[INPUT MATERIAL — start]

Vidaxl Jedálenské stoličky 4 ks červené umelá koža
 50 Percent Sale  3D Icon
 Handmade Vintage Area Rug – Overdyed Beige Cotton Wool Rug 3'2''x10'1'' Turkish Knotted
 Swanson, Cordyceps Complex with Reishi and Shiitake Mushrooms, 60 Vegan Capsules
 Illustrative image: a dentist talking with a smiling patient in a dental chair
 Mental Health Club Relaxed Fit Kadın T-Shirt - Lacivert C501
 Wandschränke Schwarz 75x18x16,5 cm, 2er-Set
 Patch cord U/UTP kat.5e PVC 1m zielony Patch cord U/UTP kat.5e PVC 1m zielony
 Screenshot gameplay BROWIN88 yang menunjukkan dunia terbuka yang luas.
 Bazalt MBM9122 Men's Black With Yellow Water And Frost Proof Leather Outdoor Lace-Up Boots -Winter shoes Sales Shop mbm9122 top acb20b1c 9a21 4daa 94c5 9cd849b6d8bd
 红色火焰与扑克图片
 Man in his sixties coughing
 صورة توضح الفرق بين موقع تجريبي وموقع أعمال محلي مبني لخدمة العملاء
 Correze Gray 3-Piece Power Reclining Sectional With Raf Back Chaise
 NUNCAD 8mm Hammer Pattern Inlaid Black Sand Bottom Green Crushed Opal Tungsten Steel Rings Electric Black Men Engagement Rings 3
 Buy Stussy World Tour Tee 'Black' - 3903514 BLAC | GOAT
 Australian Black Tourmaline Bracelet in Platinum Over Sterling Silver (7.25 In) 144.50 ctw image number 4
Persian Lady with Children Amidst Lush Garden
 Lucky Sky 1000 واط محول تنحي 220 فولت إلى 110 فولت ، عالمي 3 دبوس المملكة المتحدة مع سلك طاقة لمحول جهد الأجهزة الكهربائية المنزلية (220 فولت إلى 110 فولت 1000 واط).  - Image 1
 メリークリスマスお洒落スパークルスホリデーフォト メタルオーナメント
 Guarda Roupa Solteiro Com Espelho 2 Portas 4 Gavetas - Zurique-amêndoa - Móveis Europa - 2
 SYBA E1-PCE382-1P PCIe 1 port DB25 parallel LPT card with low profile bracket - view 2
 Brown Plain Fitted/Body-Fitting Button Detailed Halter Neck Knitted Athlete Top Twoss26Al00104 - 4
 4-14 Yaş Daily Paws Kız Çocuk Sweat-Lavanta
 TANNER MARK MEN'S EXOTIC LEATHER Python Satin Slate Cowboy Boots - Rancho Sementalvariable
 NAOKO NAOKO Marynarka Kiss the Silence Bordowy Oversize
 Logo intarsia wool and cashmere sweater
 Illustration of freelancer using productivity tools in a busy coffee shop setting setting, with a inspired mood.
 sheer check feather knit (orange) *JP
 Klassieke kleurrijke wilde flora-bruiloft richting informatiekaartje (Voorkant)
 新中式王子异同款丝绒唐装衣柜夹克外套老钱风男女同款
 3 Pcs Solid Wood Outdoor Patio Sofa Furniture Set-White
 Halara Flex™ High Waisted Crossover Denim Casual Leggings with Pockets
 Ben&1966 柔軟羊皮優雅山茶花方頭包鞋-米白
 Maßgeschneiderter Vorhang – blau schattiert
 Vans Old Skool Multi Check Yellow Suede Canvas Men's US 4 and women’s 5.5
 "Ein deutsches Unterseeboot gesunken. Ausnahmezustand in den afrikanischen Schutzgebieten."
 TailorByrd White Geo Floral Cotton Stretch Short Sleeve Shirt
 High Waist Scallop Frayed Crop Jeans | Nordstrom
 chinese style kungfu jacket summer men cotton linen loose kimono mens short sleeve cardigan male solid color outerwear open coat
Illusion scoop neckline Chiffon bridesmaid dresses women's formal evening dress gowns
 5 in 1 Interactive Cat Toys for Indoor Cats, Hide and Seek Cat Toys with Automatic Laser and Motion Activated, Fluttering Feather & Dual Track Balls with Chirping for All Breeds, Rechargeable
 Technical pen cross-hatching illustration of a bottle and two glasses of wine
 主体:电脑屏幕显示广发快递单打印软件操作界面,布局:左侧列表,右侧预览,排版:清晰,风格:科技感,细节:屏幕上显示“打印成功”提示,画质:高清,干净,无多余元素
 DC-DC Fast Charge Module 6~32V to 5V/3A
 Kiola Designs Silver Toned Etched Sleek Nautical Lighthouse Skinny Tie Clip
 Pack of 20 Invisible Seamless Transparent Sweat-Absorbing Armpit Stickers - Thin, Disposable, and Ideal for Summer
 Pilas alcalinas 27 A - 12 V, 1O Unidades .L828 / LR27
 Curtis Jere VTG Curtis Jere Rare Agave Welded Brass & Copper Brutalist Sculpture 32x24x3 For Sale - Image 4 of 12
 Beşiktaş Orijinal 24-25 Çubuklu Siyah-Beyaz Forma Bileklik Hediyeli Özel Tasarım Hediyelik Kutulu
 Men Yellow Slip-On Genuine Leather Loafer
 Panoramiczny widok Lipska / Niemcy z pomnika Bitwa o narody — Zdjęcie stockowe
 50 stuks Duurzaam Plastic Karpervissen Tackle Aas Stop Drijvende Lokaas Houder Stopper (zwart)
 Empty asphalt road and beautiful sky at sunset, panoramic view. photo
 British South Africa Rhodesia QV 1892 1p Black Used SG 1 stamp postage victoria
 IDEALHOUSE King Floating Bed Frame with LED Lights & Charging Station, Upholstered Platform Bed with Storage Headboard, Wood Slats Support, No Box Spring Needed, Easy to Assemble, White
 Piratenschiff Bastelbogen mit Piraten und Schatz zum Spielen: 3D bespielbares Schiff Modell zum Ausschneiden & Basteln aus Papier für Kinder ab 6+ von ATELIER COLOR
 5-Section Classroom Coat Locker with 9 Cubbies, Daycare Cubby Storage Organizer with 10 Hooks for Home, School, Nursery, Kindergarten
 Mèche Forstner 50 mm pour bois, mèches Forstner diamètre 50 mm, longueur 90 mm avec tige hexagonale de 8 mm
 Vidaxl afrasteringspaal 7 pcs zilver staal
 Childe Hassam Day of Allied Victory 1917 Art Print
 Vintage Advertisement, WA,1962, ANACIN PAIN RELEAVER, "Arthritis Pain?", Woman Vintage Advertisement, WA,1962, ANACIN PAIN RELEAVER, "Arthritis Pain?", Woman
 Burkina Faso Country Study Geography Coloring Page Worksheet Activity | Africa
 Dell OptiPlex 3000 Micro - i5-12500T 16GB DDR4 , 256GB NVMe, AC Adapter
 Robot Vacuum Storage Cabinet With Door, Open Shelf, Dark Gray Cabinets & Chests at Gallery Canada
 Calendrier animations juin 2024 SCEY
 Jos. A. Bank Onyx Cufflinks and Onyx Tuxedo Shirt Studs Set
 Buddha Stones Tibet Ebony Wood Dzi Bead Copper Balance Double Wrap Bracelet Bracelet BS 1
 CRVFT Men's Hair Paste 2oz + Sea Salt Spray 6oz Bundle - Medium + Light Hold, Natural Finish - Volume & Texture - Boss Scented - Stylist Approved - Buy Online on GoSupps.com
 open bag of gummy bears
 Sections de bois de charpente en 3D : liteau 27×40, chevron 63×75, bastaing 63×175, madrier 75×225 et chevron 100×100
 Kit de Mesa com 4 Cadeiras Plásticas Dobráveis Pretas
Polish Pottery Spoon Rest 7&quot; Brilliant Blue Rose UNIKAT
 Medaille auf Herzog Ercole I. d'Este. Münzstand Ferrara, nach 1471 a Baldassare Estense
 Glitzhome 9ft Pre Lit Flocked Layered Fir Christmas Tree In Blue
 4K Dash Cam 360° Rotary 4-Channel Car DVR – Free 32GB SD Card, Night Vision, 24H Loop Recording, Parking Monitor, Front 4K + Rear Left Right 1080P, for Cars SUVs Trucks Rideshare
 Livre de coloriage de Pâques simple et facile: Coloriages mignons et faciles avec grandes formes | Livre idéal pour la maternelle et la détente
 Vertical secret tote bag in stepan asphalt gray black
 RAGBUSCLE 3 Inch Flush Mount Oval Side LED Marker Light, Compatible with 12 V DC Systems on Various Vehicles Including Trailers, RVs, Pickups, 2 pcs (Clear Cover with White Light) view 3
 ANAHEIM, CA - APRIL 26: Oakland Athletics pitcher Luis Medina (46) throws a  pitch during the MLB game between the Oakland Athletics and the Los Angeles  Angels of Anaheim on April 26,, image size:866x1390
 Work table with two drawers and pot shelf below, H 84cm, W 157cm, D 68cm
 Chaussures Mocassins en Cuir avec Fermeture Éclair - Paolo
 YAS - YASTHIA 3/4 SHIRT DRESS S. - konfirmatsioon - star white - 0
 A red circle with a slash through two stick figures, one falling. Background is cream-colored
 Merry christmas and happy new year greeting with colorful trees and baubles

[INPUT MATERIAL — finish]

** YOUR INSTRUCTIONS **
Above are the entries. Copy exactly the part that opens with the line containing "Kiola Designs Silver" and closes with the line containing "Empty asphalt road", and no more.

** ANSWER TO THE PROBLEM **
 Kiola Designs Silver Toned Etched Sleek Nautical Lighthouse Skinny Tie Clip
 Pack of 20 Invisible Seamless Transparent Sweat-Absorbing Armpit Stickers - Thin, Disposable, and Ideal for Summer
 Pilas alcalinas 27 A - 12 V, 1O Unidades .L828 / LR27
 Curtis Jere VTG Curtis Jere Rare Agave Welded Brass & Copper Brutalist Sculpture 32x24x3 For Sale - Image 4 of 12
 Beşiktaş Orijinal 24-25 Çubuklu Siyah-Beyaz Forma Bileklik Hediyeli Özel Tasarım Hediyelik Kutulu
 Men Yellow Slip-On Genuine Leather Loafer
 Panoramiczny widok Lipska / Niemcy z pomnika Bitwa o narody — Zdjęcie stockowe
 50 stuks Duurzaam Plastic Karpervissen Tackle Aas Stop Drijvende Lokaas Houder Stopper (zwart)
 Empty asphalt road and beautiful sky at sunset, panoramic view. photo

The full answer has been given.